NIAC: Why Iran Hawks Are Pushing Engagement

By Daniel Luban

Andrew Sullivan picks up on this piece from the National Iranian American Council (NIAC) blog that came out Friday; it’s one of the better (and most concise) analyses of the state of the Iran debate in Washington that I’ve seen. NIAC notes that roles have seemingly reversed since Iran’s election crisis began: former proponents of engagement (such as Roger Cohen and NIAC’s own Trita Parsi) are now calling for a pause in the engagement strategy while the clash between reformists and hardliners plays itself out, while many hawks who were previously engagement skeptics are calling for negotiations to move full speed ahead — and end abruptly if they do not bear immediate fruit.

(If there’s one point I would take issue with in the piece, it’s the notion that this is somehow a sudden “role reversal” for the hawks. On the contrary, since Obama’s victory most hawks have been more than willing to pay lip service to the engagement idea, all while setting an absurdly short deadline for ending negotiations and moving to sanctions. For those in the Dennis Ross school of diplomacy, a half-hearted and perfunctory stab at engagement is useful precisely because it allows the U.S. to claim that it has “tried everything else” when it moves to sanctions or military force.)

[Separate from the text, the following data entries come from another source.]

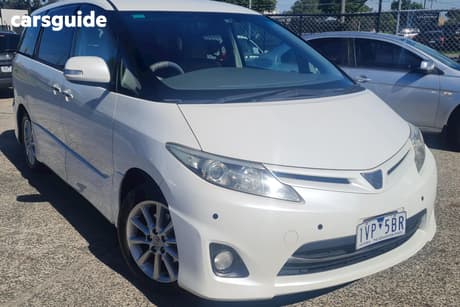 White 2010 Toyota Estima SUV G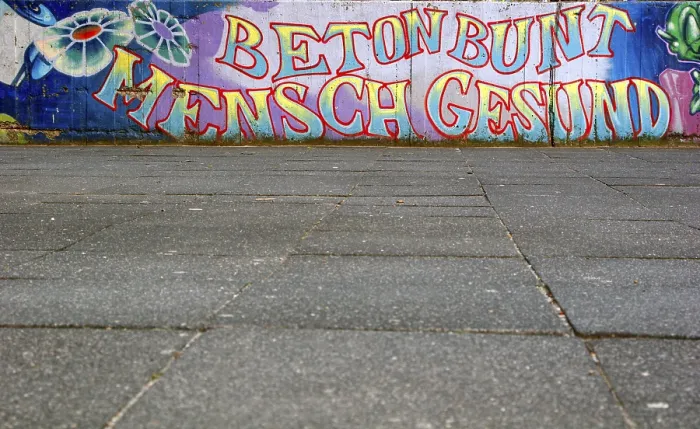 Gerahmter Druck : Blick auf Graffiti in Berlin Gerahmter Druck : Blick auf Graffiti in Berlin
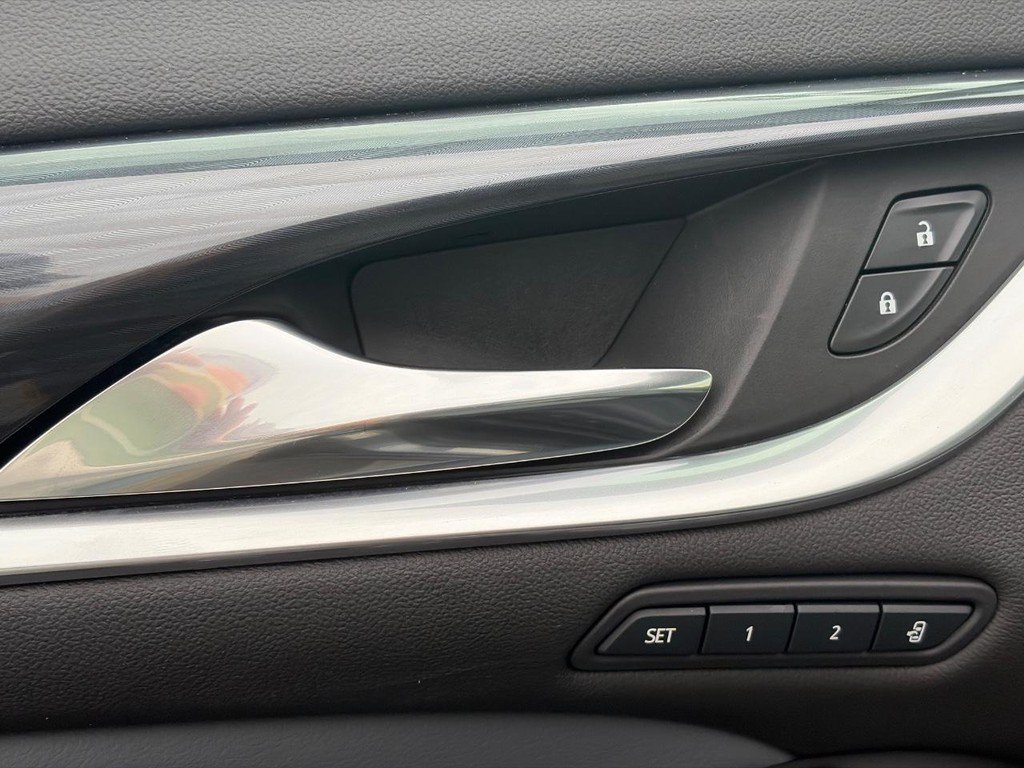 Used 2019 Buick Enclave Premium w/ Experience Buick Package FWD image 23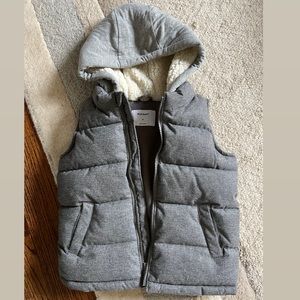 Old Navy Grey Hooded Puffy Vest with Fleece Liner 5T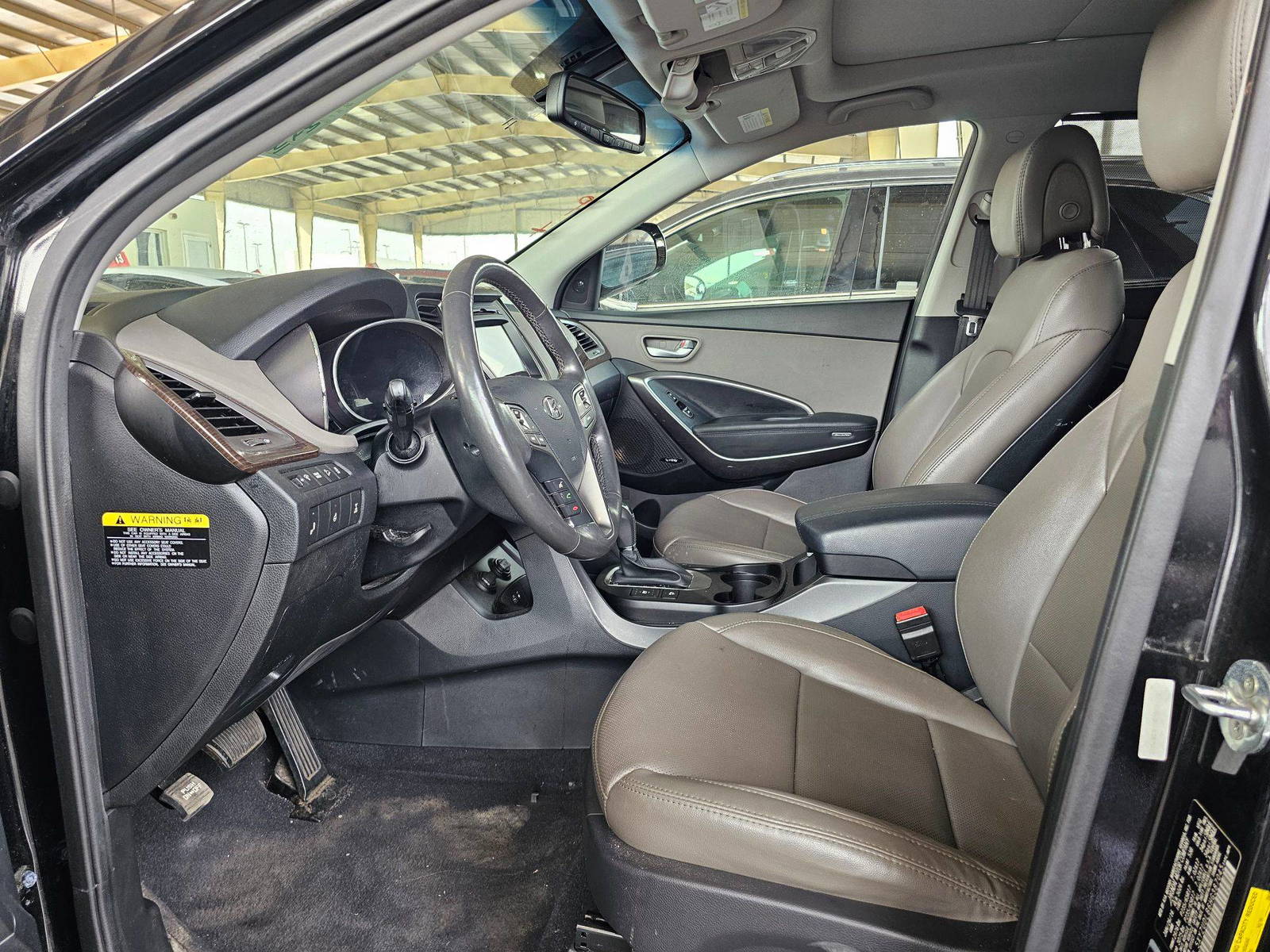 2017 HYUNDAI SANTA FE — 147932 Miles — Lot LB6HG387045 — Souq - Marhaba Auctions Used Cars - Image 9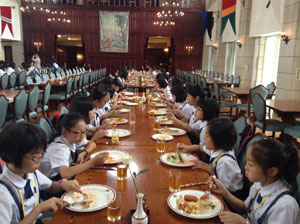 Refctooryにてブッフェ形式の昼食です。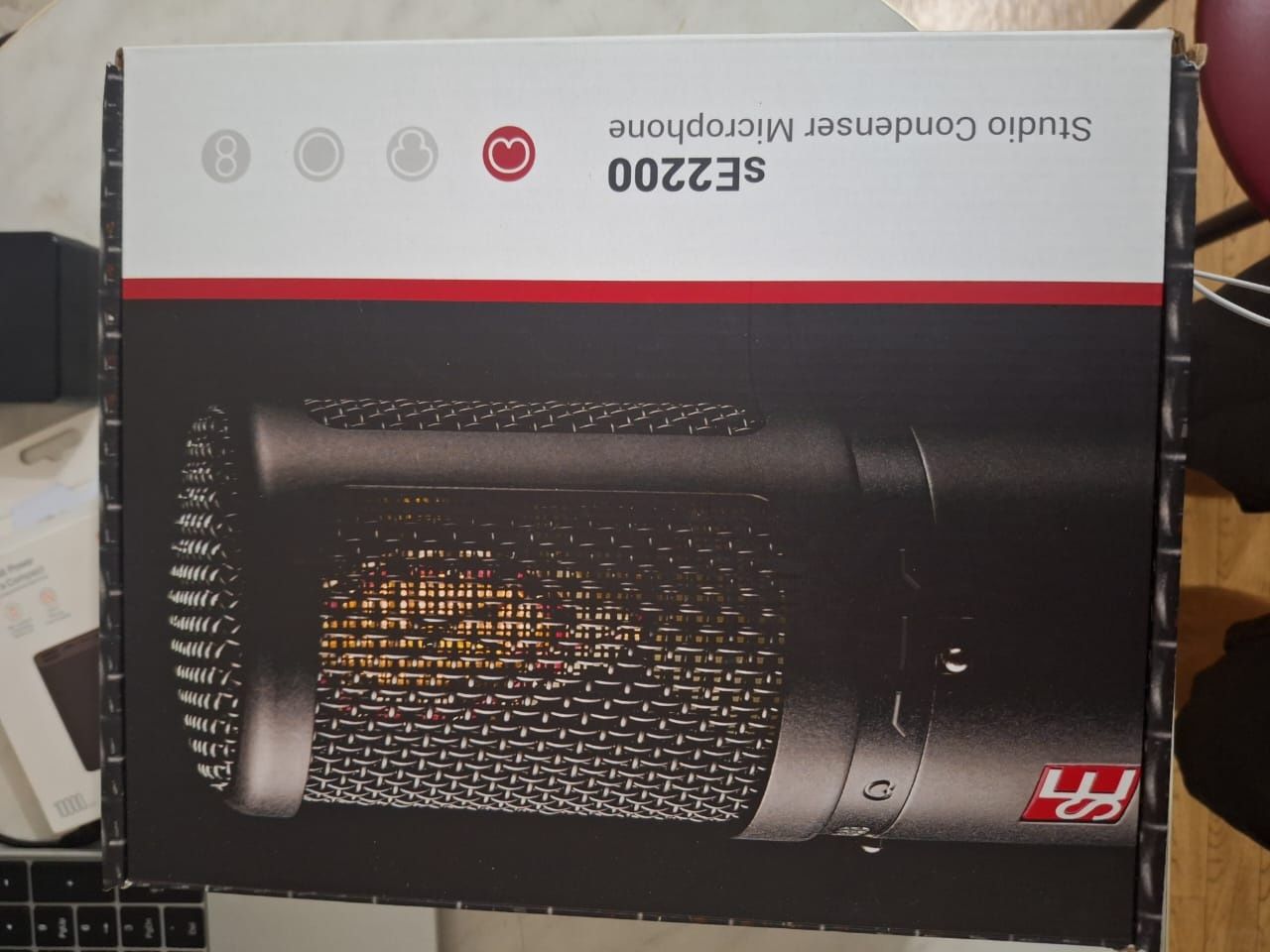 Микрофон SE ELECTRONICS 2200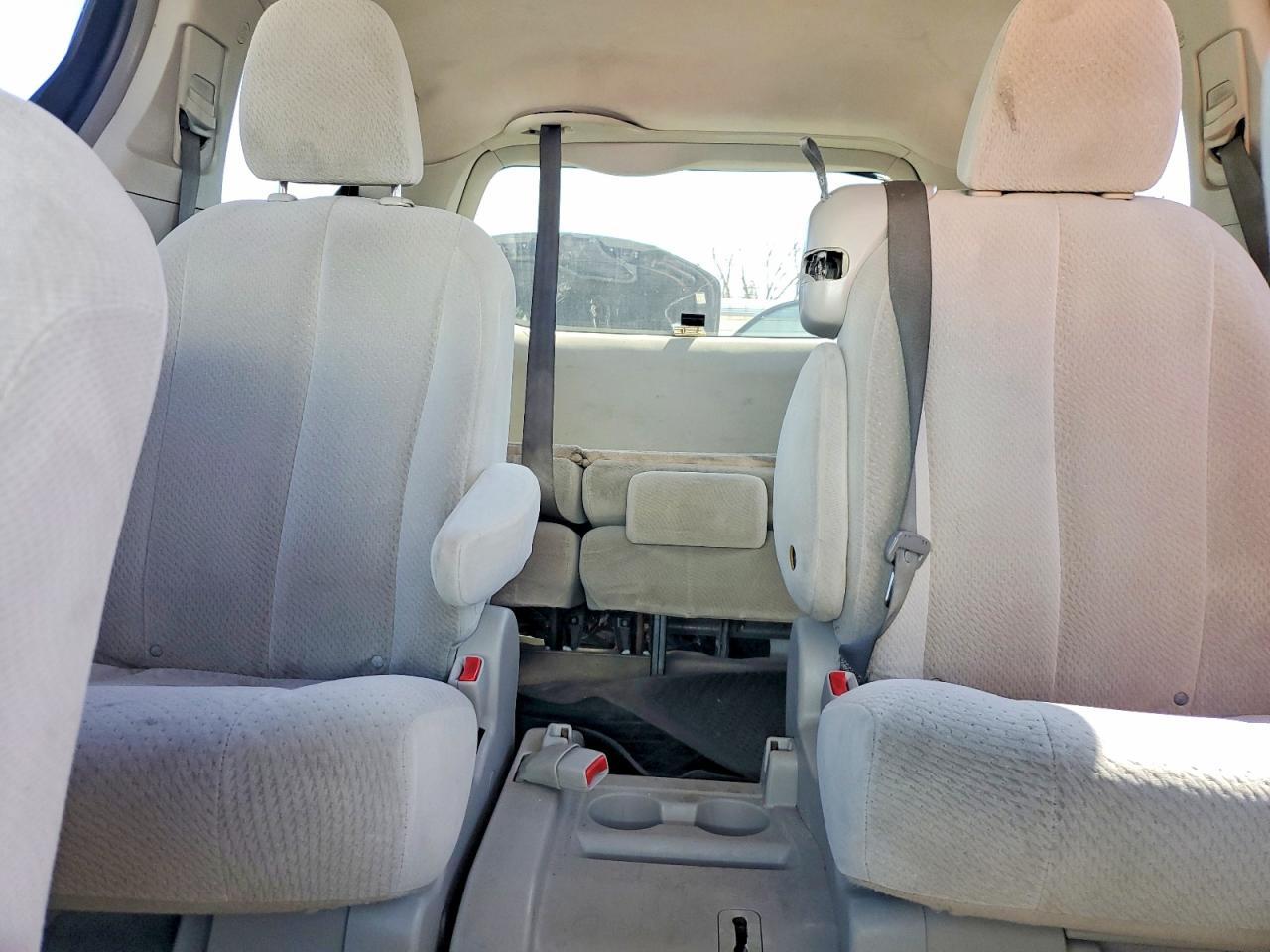 2013 Toyota Sienna Le 8-Passenger - zdjęcie 10
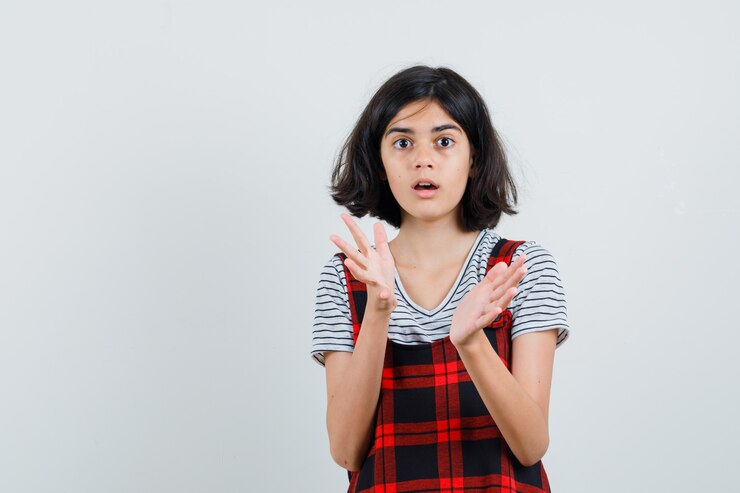 मुफ़्त फोटो टी-शर्ट में प्रीटीन लड़की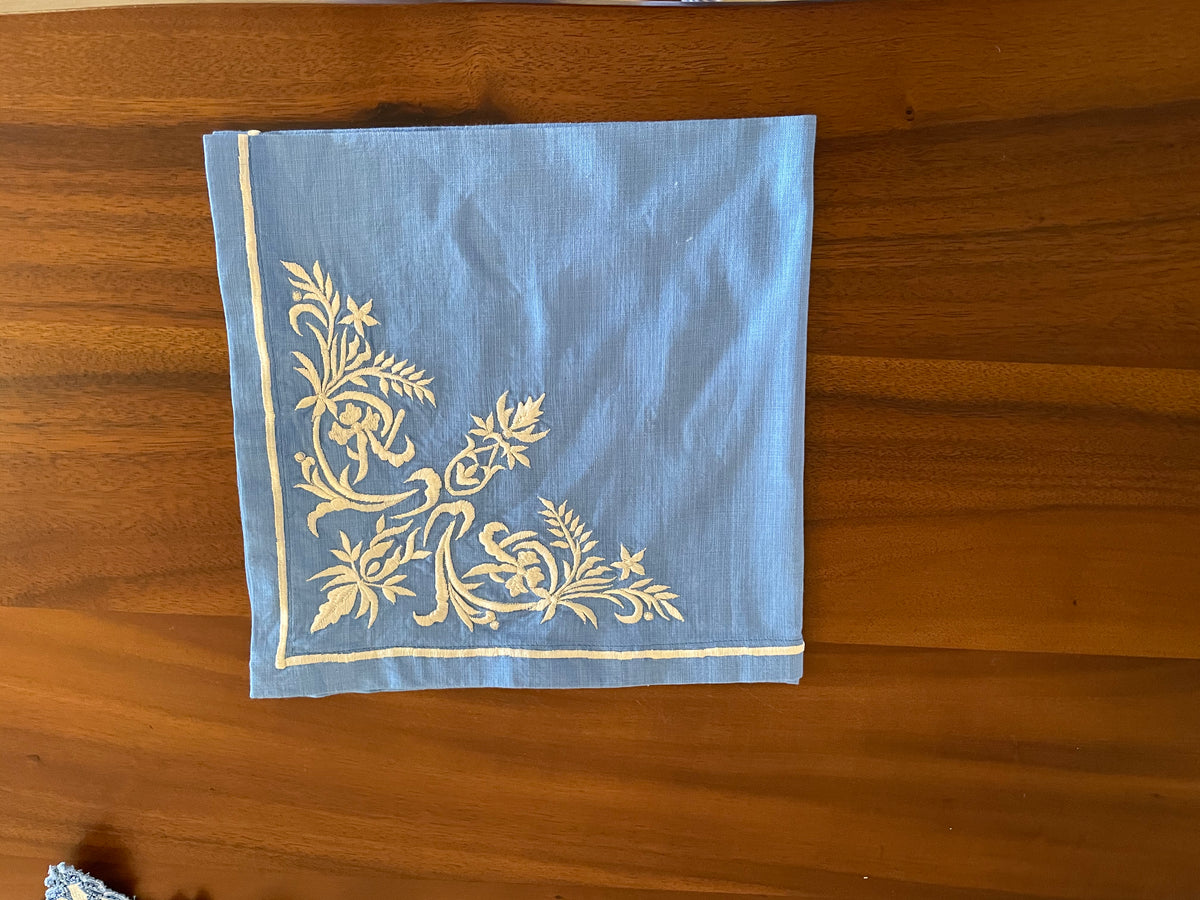Blue and White Napkin Set of 4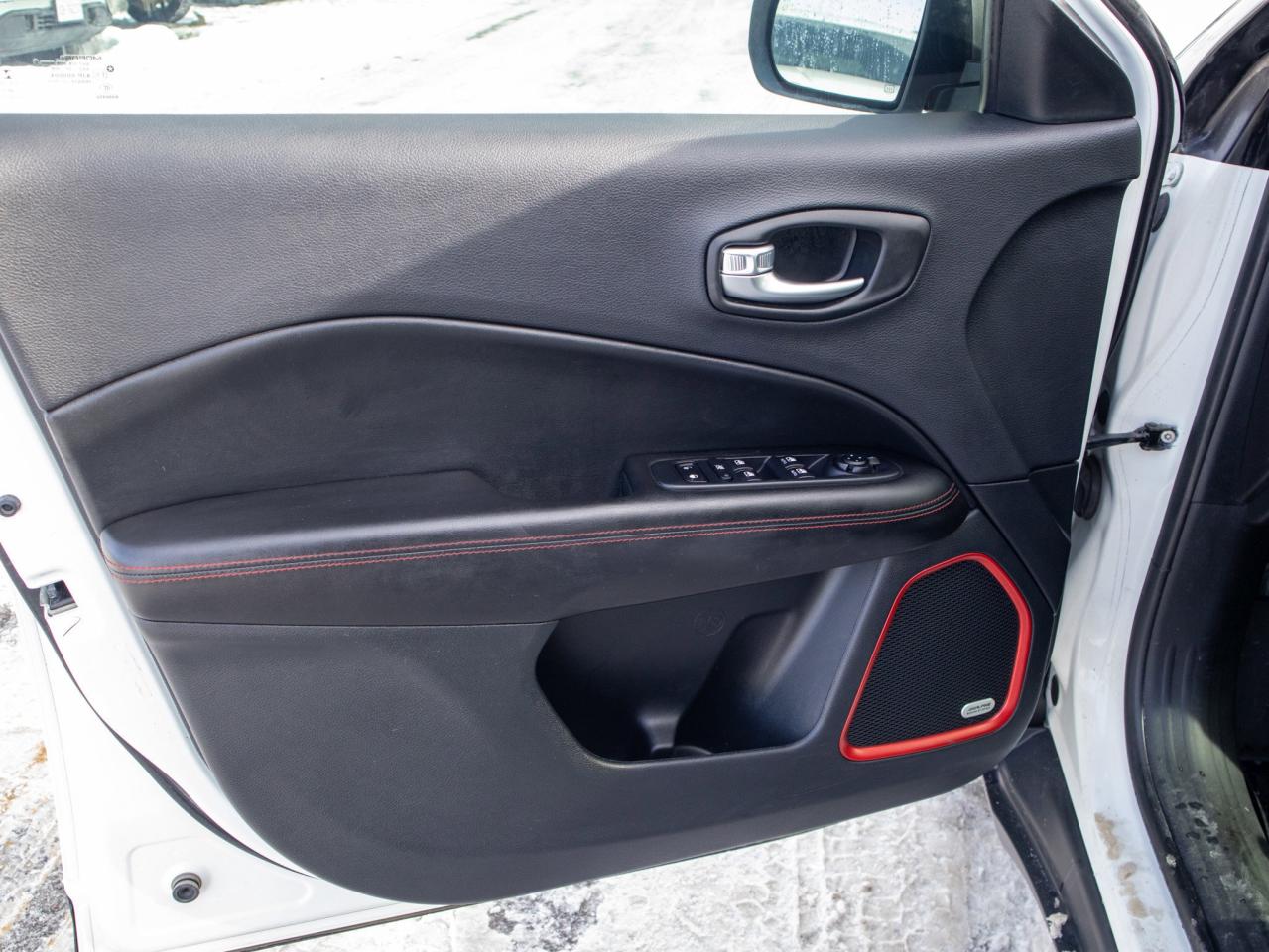 2021 Jeep Compass Trailhawk -  Heated Steering Wheel   Park Assist Photo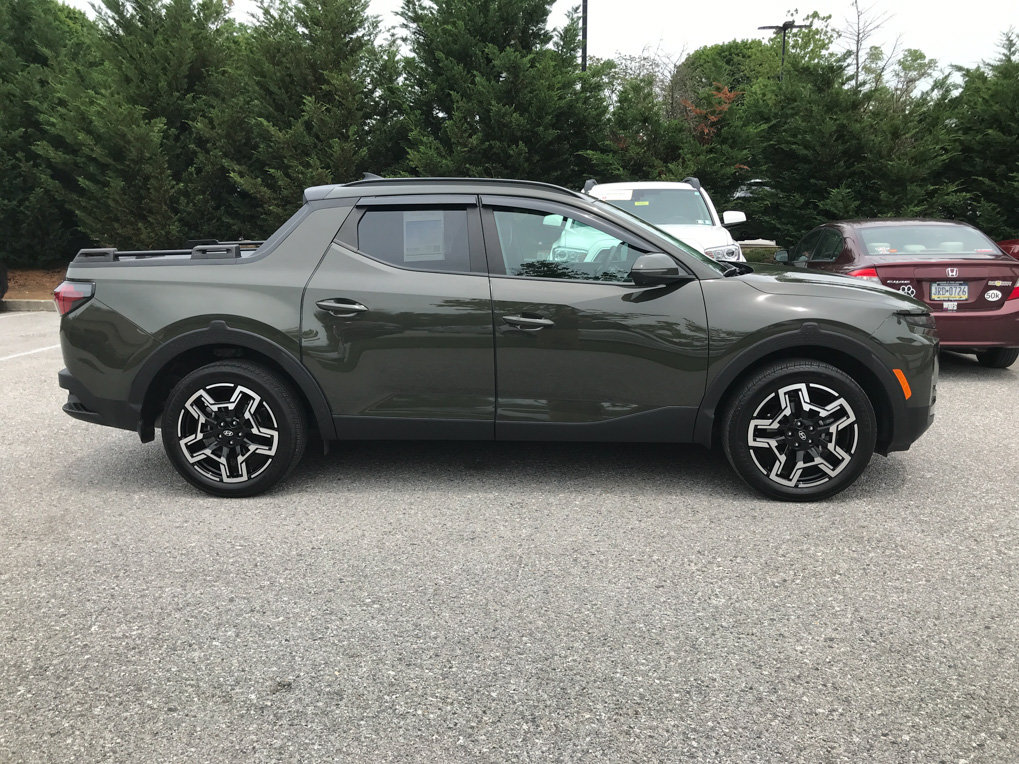 Used 2025 Hyundai Santa Cruz Limited AWD/4WD image 9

What are the stakes of this conflict? NIAC summarizes:

The perma-skeptics of diplomacy think we should impose an artificial deadline, rush to engage, and then run headlong into Iran’s political paralysis. Their plan would have us miss the deadline, sanction Iran as much as possible, and then lobby for the U.S. to bomb Iran when sanctions fail to stop Iran’s nuclear ambitions.

Of course, this is an incredibly foolish “solution.” As every Iran expert worth their salt has noted, bombing Iran is perhaps the only thing that can cement this government’s hold on power indefinitely into the future.

With Israel’s head of intelligence publicly saying Iran won’t be able to develop a deliverable nuclear weapon until 2014 at the earliest, the U.S. can and should wait for the right time to engage.

IPS’s Ali Gharib also had a good analysis of the state of the Iran debate last week which examines these issues in more depth.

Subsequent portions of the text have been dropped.